In 2013, Stephanie Moulton and I embarked upon a project to provide more conceptual clarity to the literature on policy implementation and consider its relevance to practice. We succeed in creating multi-media case studies, analytical tools, and a book (Sandfort and Moulton 2015) to support improved implementation practice grounded in multi-level governance and social theory. Our strategic action field theoretical framework (Moulton and Sandfort 2017) helped us to be more clear that, in addition to supporting more effective policy implementation, we also were poised to support more programmatic and administrative innovation.

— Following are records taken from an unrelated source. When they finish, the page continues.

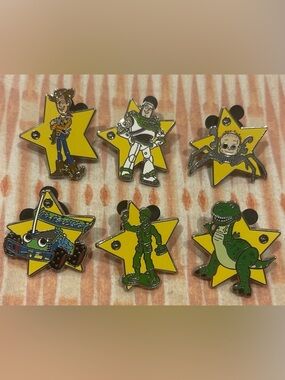 DISNEY HIDDEN MICKEY 2023 TOY STORY STARS WOODY BUZZ RC ARMY MAN REX SET 6 PINS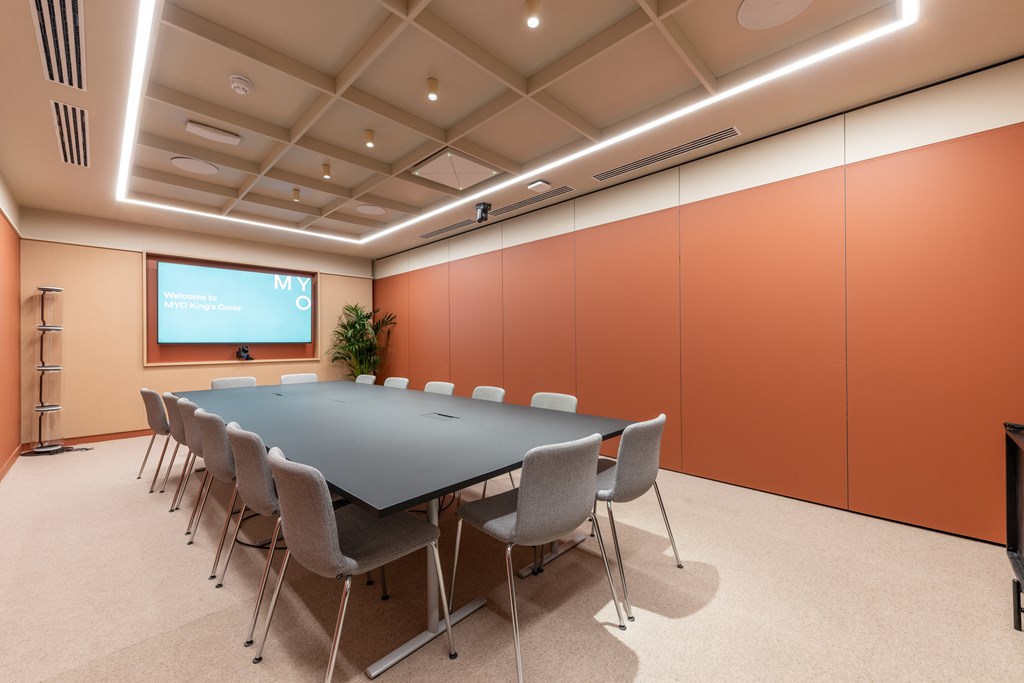 Meeting room for up to fourteen people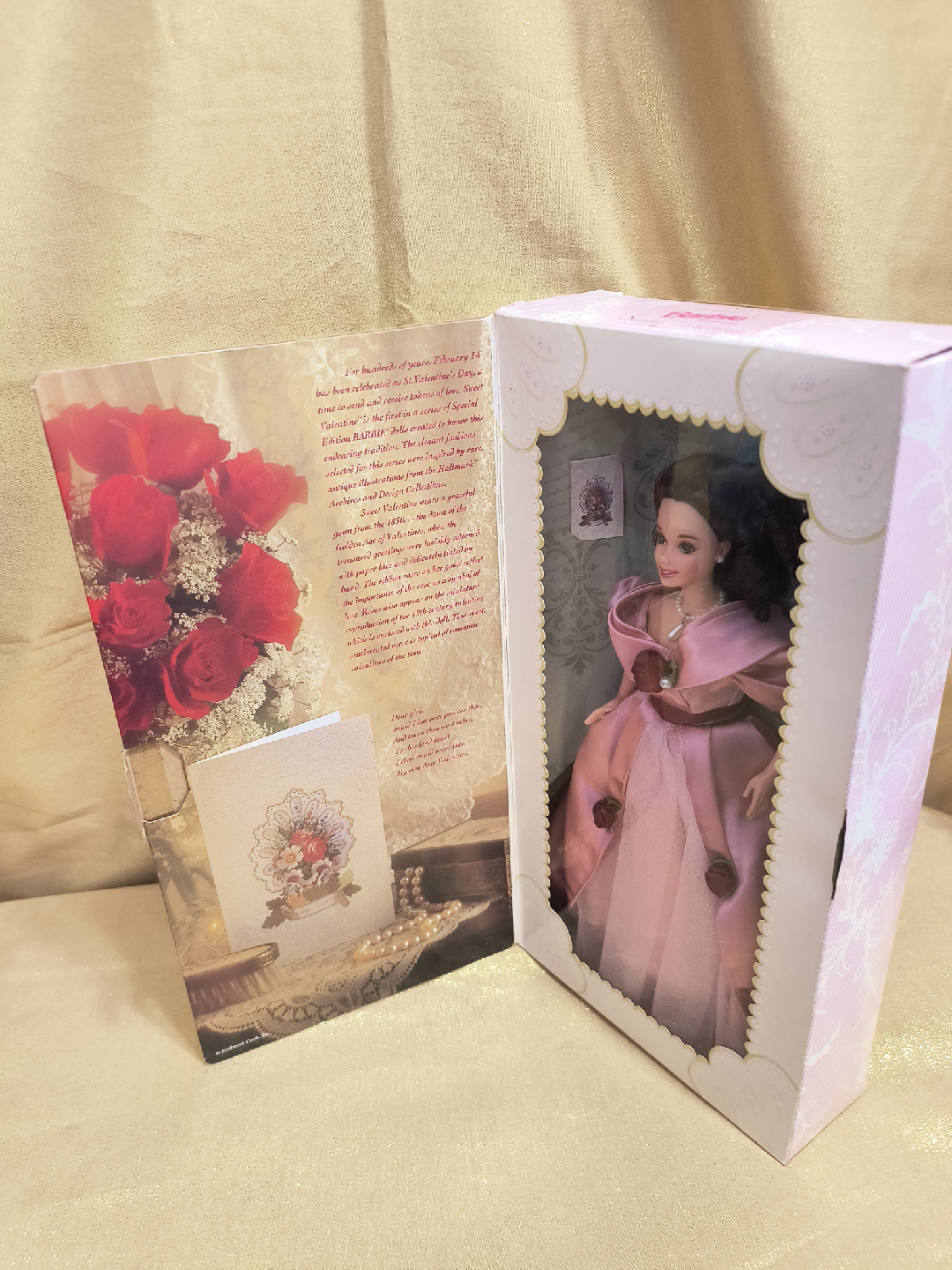 Sweet Valentine Barbie - Special Edition Hallmark - photo 3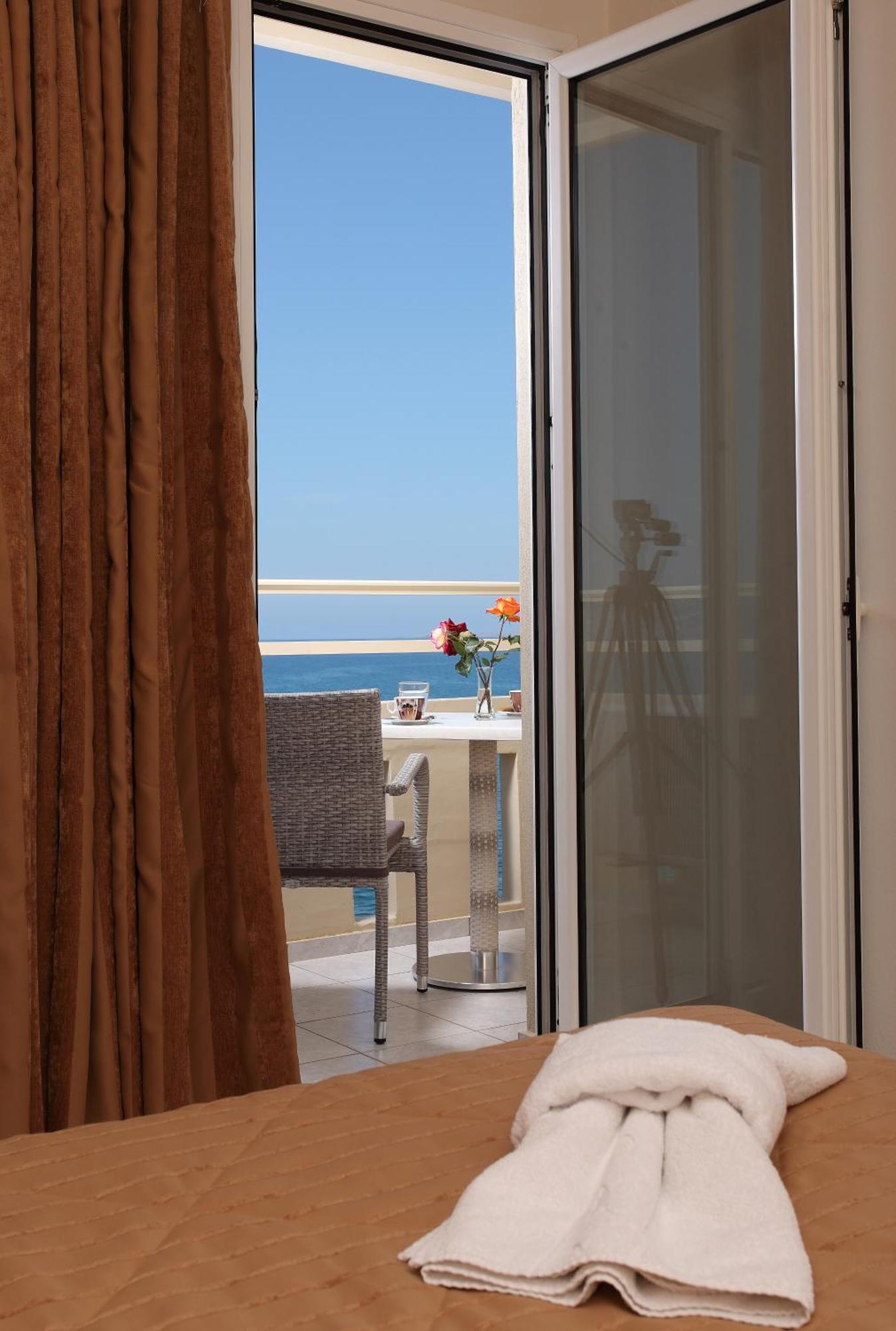 Hotel Kronos 2*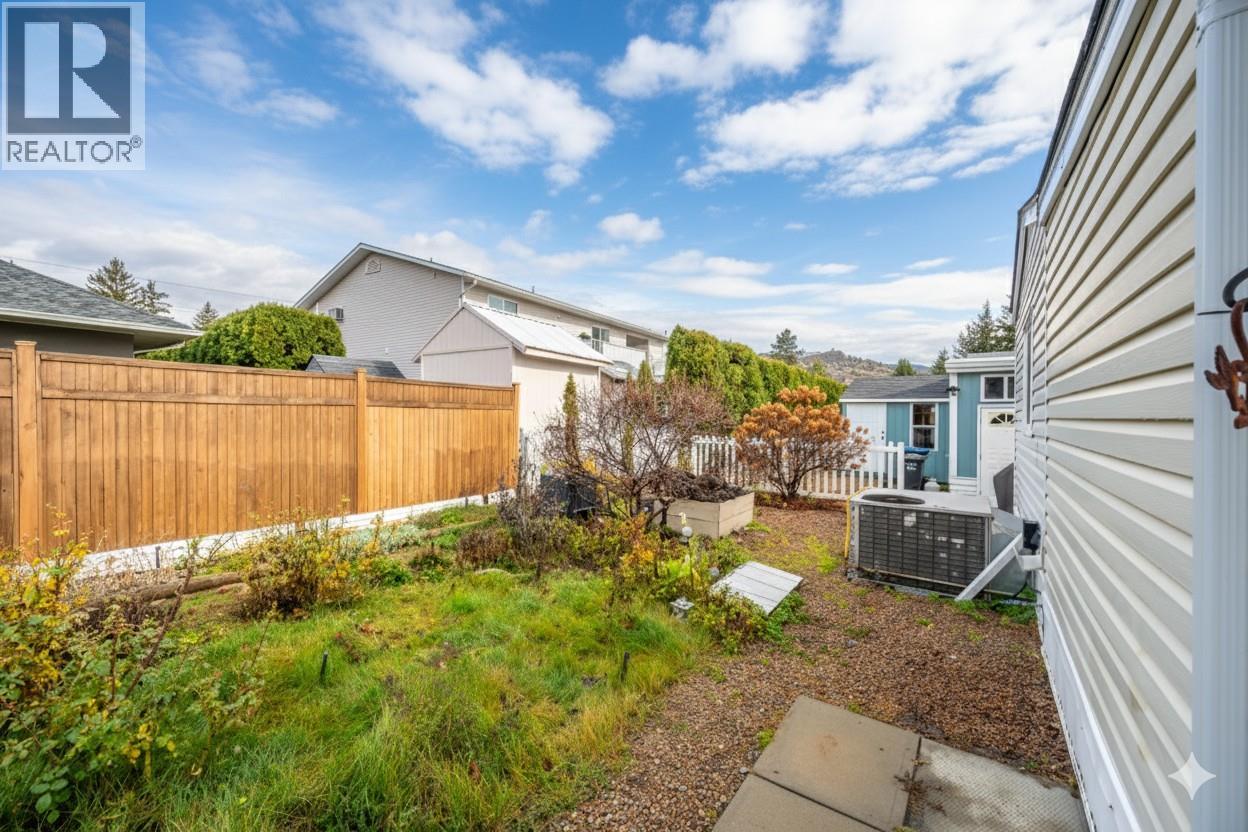 6778 TUCELNUIT Drive Unit# 39, Oliver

In late 2015, I started to build an Institute to assist me in realizing these ambitions. The Future Services Institute works with leaders in Minnesota state and local governments to improve the performance of public service programs and systems that serve low-income families (see www.futureservicesinstitute.org). To do so, we engage in leadership development, program evaluation and applied research, and facilitate complex systems change through design labs, conferences, and extended projects that support innovation. Our work is grounded in both the strategic action field theoretical framework and a methodology of design-based research (Bason, 2017; Fishman, et al. 2013; Penuel et al. 2011).
Our design-based approach accounts for an interplay of research knowledge, practical implementation tools, and contextual knowledge of the setting. As Herbert Simon (1996) described, design science in management focuses upon trying to intervene in current conditions to change them into more preferred ones. Rather than focusing on linear causation in general cases, design-based research is focused on understanding causality in a specific setting (Romme, 2003; Lewin, 1946). Design takes seriously the existing administrative and social conditions in a particular context (Bason, 2010, 2017). Yet it also uses new information to create what should be, through engaging others and sharing what happens as a result (Ansell & Torfing, 2014; Patton et al, 2016; Romme, 2003). In this way, it involves intervening in public institutions to assist managers in improving public value outcomes (Bryson et al, 2014).
In addition to conventional social science methods– surveys, focus groups, interviews – design methodology involves facilitating collaborative forums where dialogue, learning and decision making can occur. Such settings may enable co-creation, where service users, staff, and managers can work together to identify problems, explore elements of them, or interpret data (Bovaird, 2007; Bryson, Quick, Slotterback, & Crosby, 2013; Sandfort & Quick, 2017). It also involves sharing research results with people responsible for making changes in the system (Nabatchi and Amsler 2014). Rather than seeing this intervention as contaminating research conditions, design-based scholars recognize the invaluable role that such information can play in supporting rapid-cycle learning in complex, adaptive systems in order to inform more appropriate actions (Hargreaves, 2014; Patton, et al 2016).
This approach to public administration scholarship is still in early stages of intellectual development (Barzelay and Thompson 2007; Barzelay 2012; Sandfort 2018; Bardach 1998; Moynihan 2018). Yet, Ansell and Torfing (2014) note three components of design thinking that suggest its possible role in supporting public sector innovation: design is problem- and future-oriented, it uses heuristic devices to make choices concrete, and it requires the creation of collaborative forums. Bason (2017) provides the most complete account of the application of design-based interventions and methods in public organizations to date.
This approach is consistent with the growing international scholarly chorus about the “new public governance” (Ansell & Torfing, 2014; Ansell, 2011; Bryson, 2014; Emerson & Nabatchi, 2015; Gray & Purdy, 2018). I look forward discussion with those attending Minnowbrook about the viability of this approach for our field.